Did ‘War of the Worlds’ Truly Frighten the Country?

By Maggie Barrett and Mike Unger

Detail from the cover of Getting It Wrong.

W. Joseph Campbell's 2010 book, "Getting It Wrong"

Halloween 1938 might have been the scariest ever.

When CBS broadcast Orson Welles’ infamous War of the Worlds 72 years ago, it sounded so real that tens of thousands of Americans convulsed in fear—or so newspapers reported the following day.

But the widespread panic is nothing more than a myth, according to School of Communication professor Joseph Campbell. It’s one of 10 myths by or about the news media he dispels in his book, Getting It Wrong.

“Surveys showed that listeners, in overwhelming numbers, recognized the program for what it was—an imaginative and entertaining show,” Campbell said. “In addition, while newspaper reports indicated mass panic and hysteria, none of those same reports indicated deaths or serious injuries were associated with the program. Had the program caused mass panic and hysteria, many deaths and serious injuries surely would have ensued.”

Here are a few other major stories you think you knew, and why you’re wrong.

MYTH — Walter Cronkite’s on-air assessment in February 1968 that the U.S. military was “mired in stalemate” in Vietnam caused public opinion to swing against the war. At the White House, President Lyndon Johnson watched the Cronkite program and declared, “If I’ve lost Cronkite, I’ve lost middle America.”

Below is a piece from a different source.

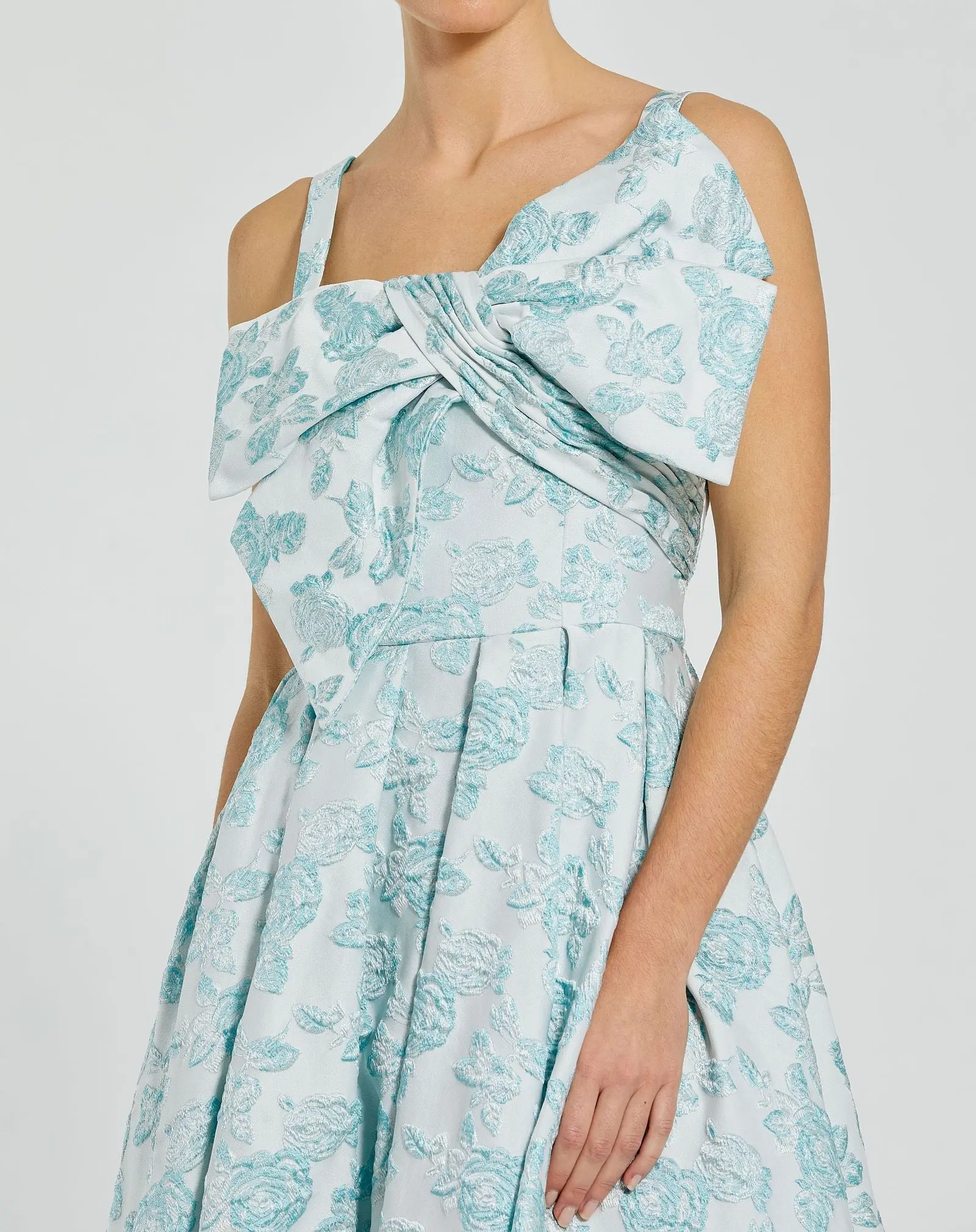 Blue Sleeveless Large Bow Detail Floral Brocade Dress - Image 2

DEBUNKED — Public opinion began turning against the Vietnam War months before Cronkite’s program. Cronkite’s “mired in stalemate” assessment was unremarkable — other news outlets had previously offered similar or harsher analyses. Johnson did not even see the Cronkite program when it aired. He was at the time attending a birthday party in Austin, Texas.

Crack babies
MYTH — Children born to women who smoked crack cocaine during their pregnancies were, according to numerous news reports, doomed to lives of endless dependency and suffering.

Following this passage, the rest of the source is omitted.